— DESCRIPTION OF THE TASK —
Print every line below without adding or leaving out a single word.

— PROVIDED MATERIAL —
BEGIN

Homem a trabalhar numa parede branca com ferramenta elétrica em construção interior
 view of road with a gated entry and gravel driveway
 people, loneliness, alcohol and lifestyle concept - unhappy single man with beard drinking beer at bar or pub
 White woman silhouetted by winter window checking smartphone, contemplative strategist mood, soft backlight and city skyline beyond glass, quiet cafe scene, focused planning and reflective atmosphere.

END

— YOUR SOLUTION —
Homem a trabalhar numa parede branca com ferramenta elétrica em construção interior
 view of road with a gated entry and gravel driveway
 people, loneliness, alcohol and lifestyle concept - unhappy single man with beard drinking beer at bar or pub
 White woman silhouetted by winter window checking smartphone, contemplative strategist mood, soft backlight and city skyline beyond glass, quiet cafe scene, focused planning and reflective atmosphere.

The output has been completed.